Ship Inventory Routing and Scheduling
This research investigates a ship inventory routing and scheduling problem with undedicated compartments (sIRPSP-UC). The objective of the problem is to find a minimum cost solution while satisfying a number of technical and physical constraints within a given planning horizon. In this problem, we identify four subproblems that need to be decided simultaneously: route selections, ship selection, loading, and unloading activity procedures. First, we (Siswanto, Essam and Sarker) develop an equivalent mixed integer linear programming of the problem. Then, we propose a set of heuristics for each sub-problem and find the best combination of heuristics that ensures an overall best solution for the entire problem.

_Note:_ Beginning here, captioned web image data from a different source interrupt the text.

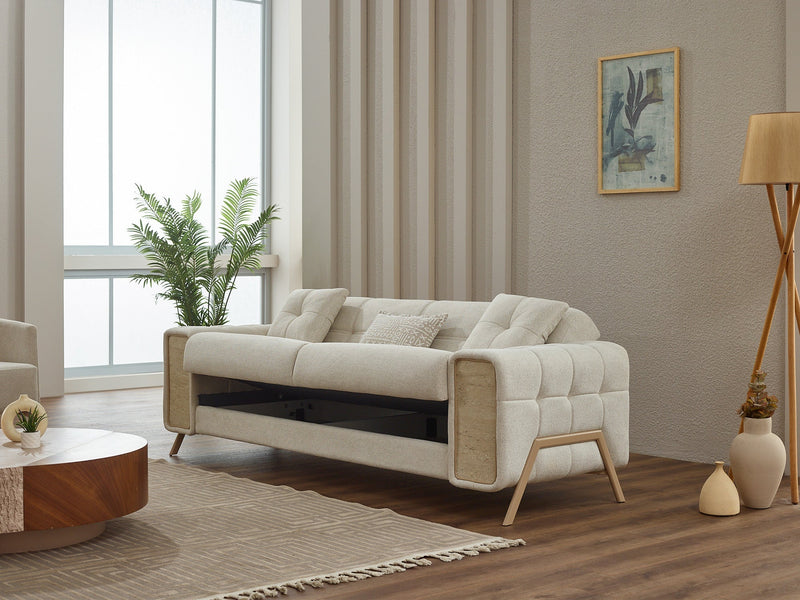 Guido Convertible Loveseat in White - 200-SIM-GUI-GIRNE01-2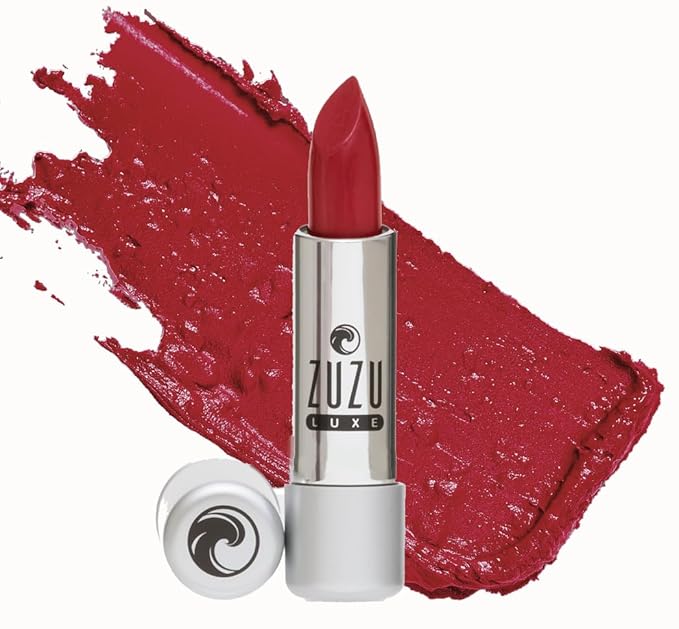 Zuzu Luxe Lip Color Lipstick (Galaxy - Berry/Cool Cr?me) Natural Ultra-Hydrating Lipstick Paraben Free Vegan Gluten-free Cruelty-free Non GMO 0.13 oz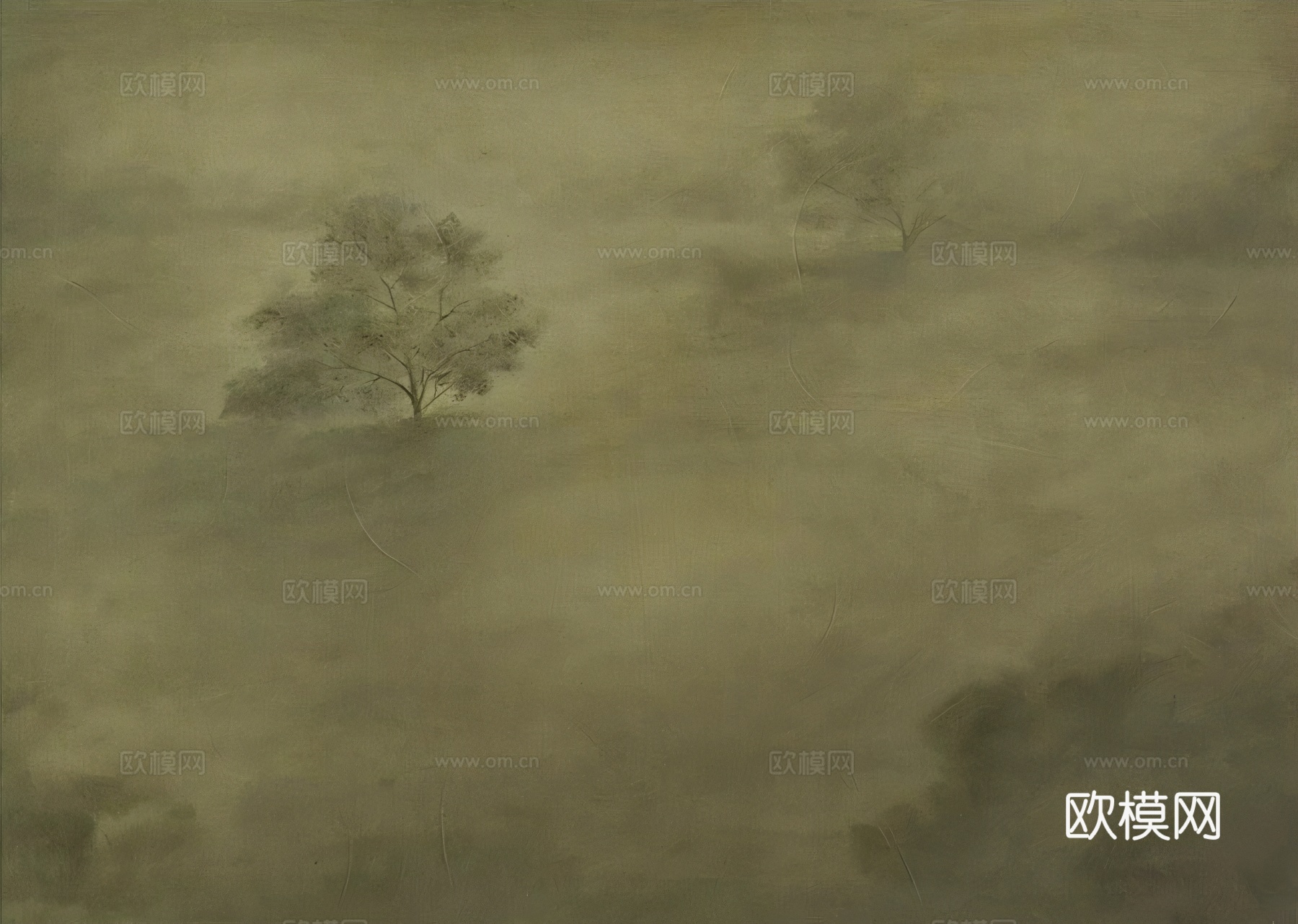 抽象意境画  复古中古风装饰挂画   艺术画下载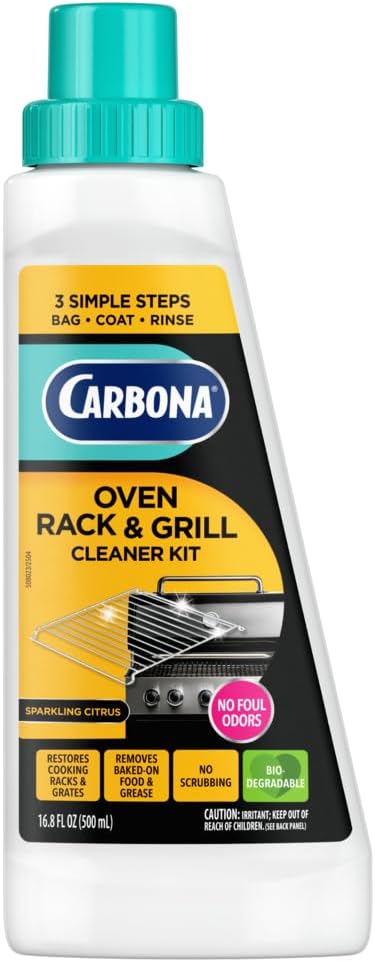 Carbona No Scent 2-in-1 Oven Rack and Grill Cleaner 16.8 oz. Liquid | Liquid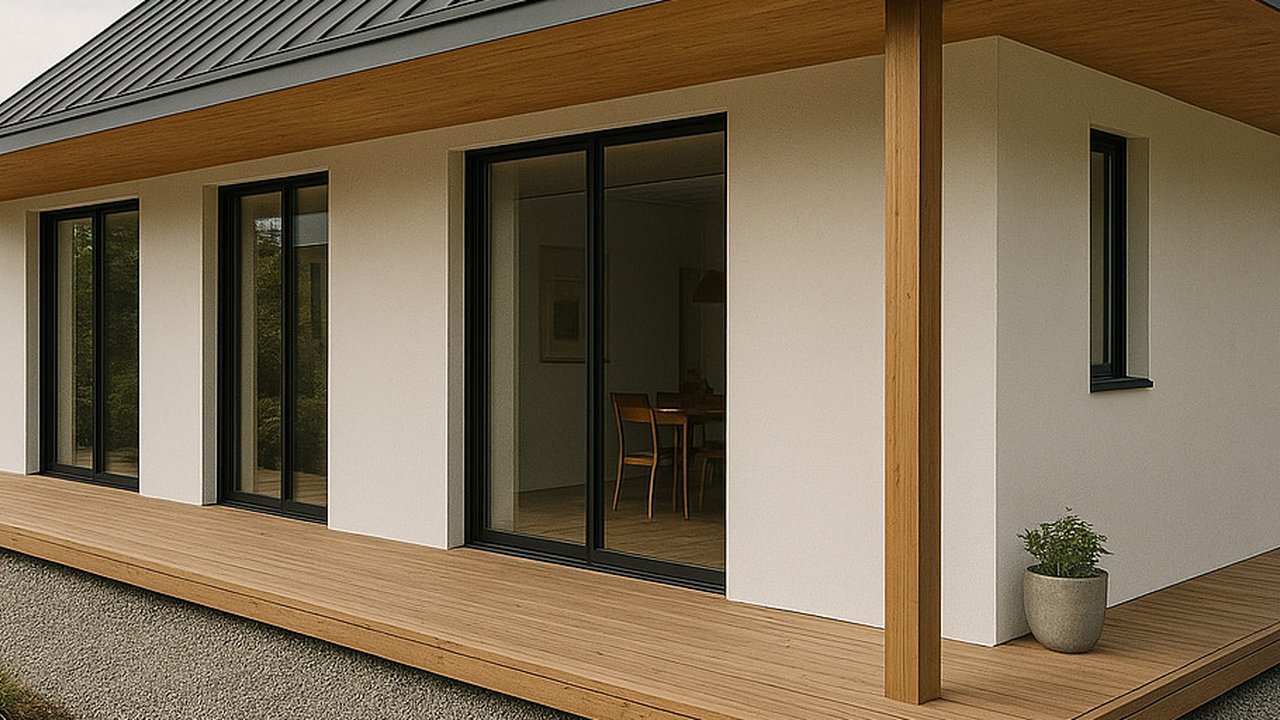 Rumah dengan Teras Panjang ke Samping (Foto: Rizka Nur Laily via ChatGPT)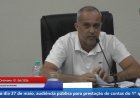 Professor Breno pede mudanças na prestação de contas da Prefeitura e sugere revisão de empréstimo de R$ 80 milhões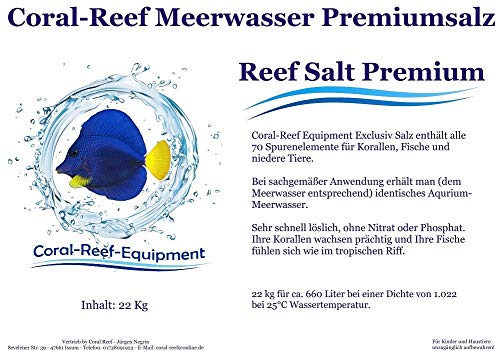 Coral-Reef Premium Meersalz 22 kg von Coral-Reef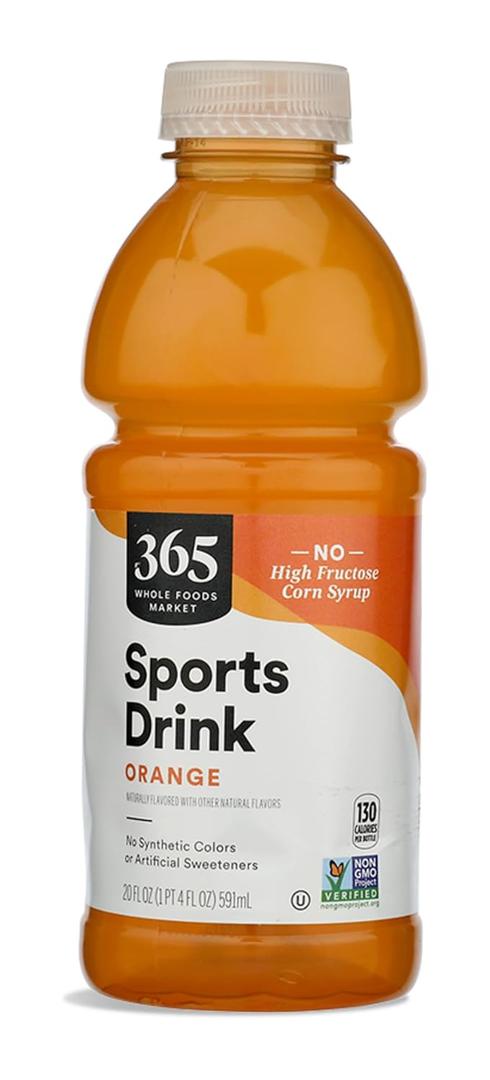 365 by Whole Foods Market, Sports Drink, Orange, 20 Fl Oz (EXP 04/13/27)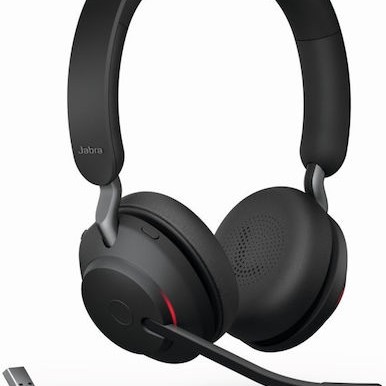 Jabra Evolve2 65 VOIP Headset Link380a MS Stereo Black (26599-999-989)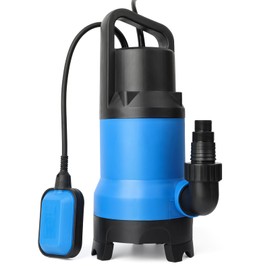 Goseoil 1.5HP Handy Utility Pump Submersible Water Pump 4500GPH High Flow to Remove Clean/Dirty Water for Swimming Pool Pond Hot Tub Flooded House Rain Barrel with 25ft Long Power Cord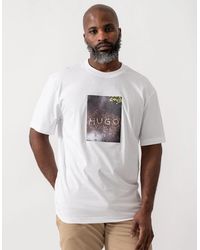 BOSS - Hugo Doreston Graphic T-Shirt - Lyst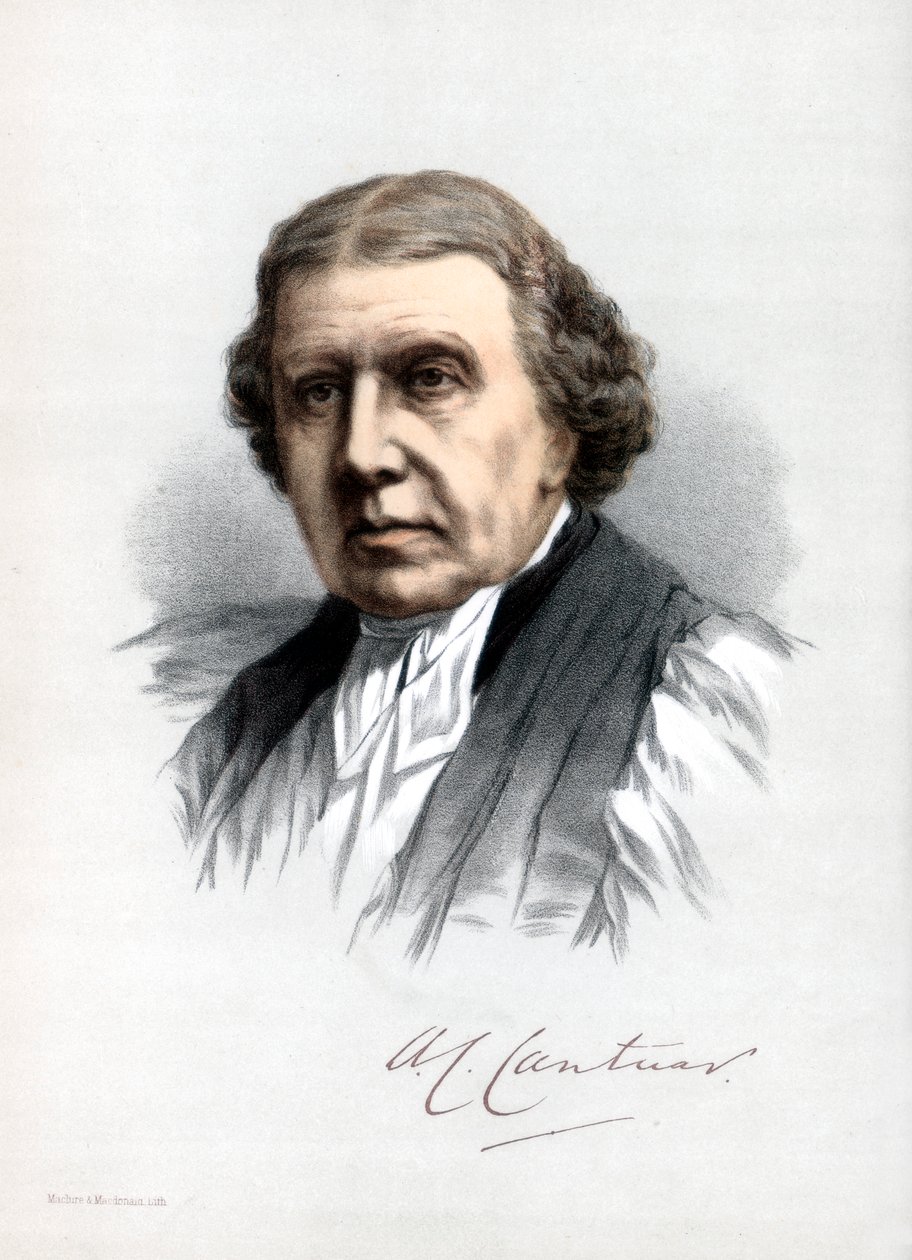 Archibald Campbell Tait, Canterburyn arkkipiispa, n. 1890. tekijältä Petter and Galpin Cassell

In 2011, we considered a new variant of the maritime inventory routing problem which involved multiple time windows, and is hence called the multiple time windows problem. We have developed a mathematical model for this problem. However, due to the excessive running time required for the mathematical model, we have also developed a multi-heuristics based genetic algorithm. The multi-heuristics are composed of a set of strategies that correspond to the above four decision points. We used this set of strategies in a genetic algorithm framework so as to find the best strategies. The computational results show that the multi-heuristics can get acceptable solutions within a reasonable running time. Moreover, the flexibility to add or remove the strategies means that the proposed method would not be difficult to implement for other variants of the maritime inventory routing problem. From this research, a paper has been published in Computers and Industrial Engineering in 2011.